__Problem to solve__.
Transcribe the data in full and exactly, omitting any pictures.

__Information shown__.
---------------
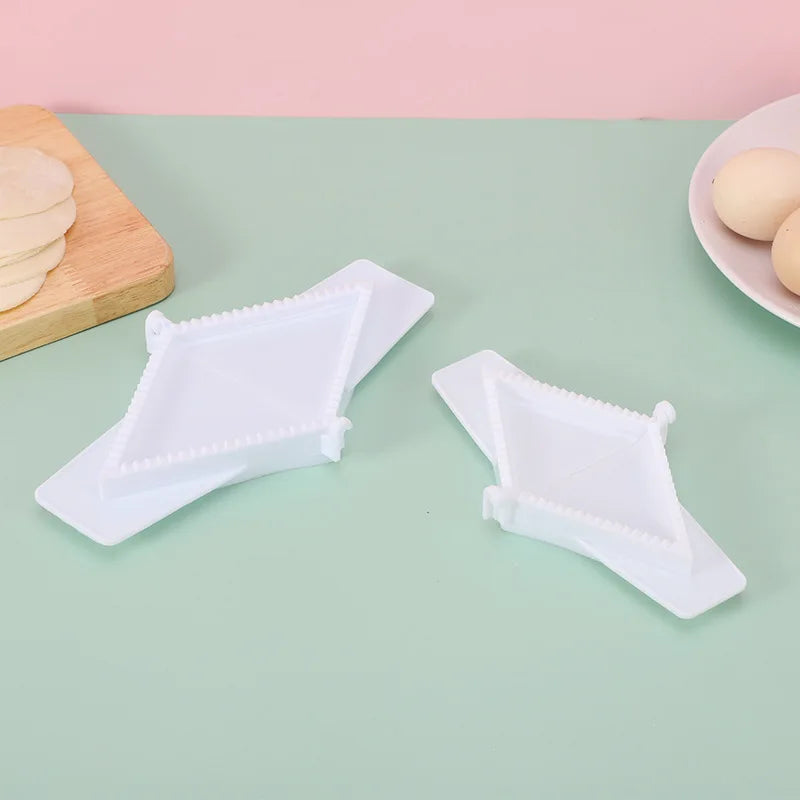 Triangular Dumpling Maker Set Kitchen DIY Dough Press Mold 2 Pack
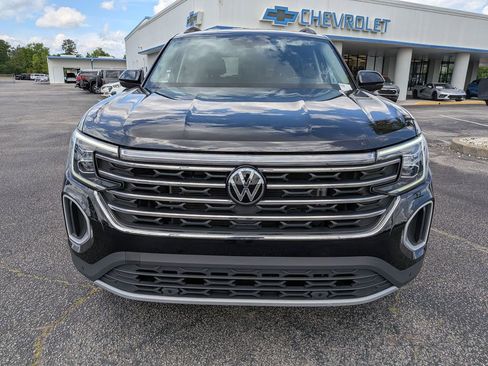 Used 2025 Volkswagen Atlas SE FWD image 12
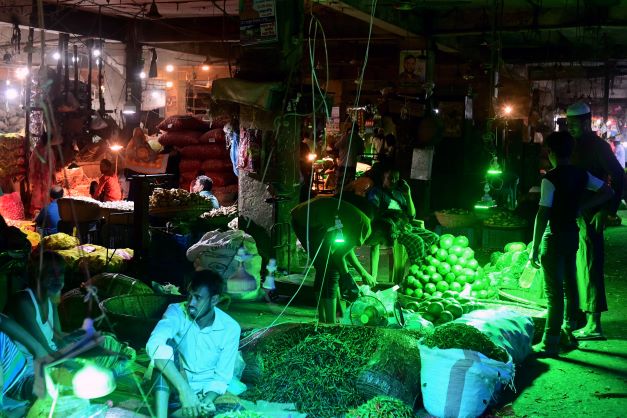 Le Bangladesh instaure des restrictions sur l'énergie face à la hausse des prix du carburant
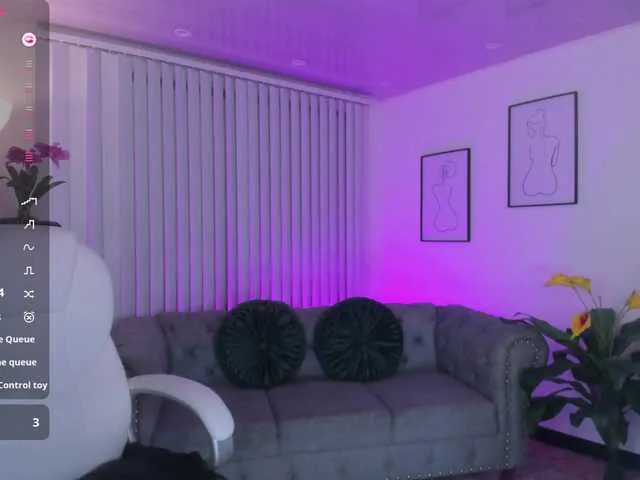 Live sex webcam photo for zooe-wills #290844838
---------------
__Solution to this exercise__.
 Triangular Dumpling Maker Set Kitchen DIY Dough Press Mold 2 Pack
 Used 2025 Volkswagen Atlas SE FWD image 12
 Le Bangladesh instaure des restrictions sur l'énergie face à la hausse des prix du carburant
 Live sex webcam photo for zooe-wills #290844838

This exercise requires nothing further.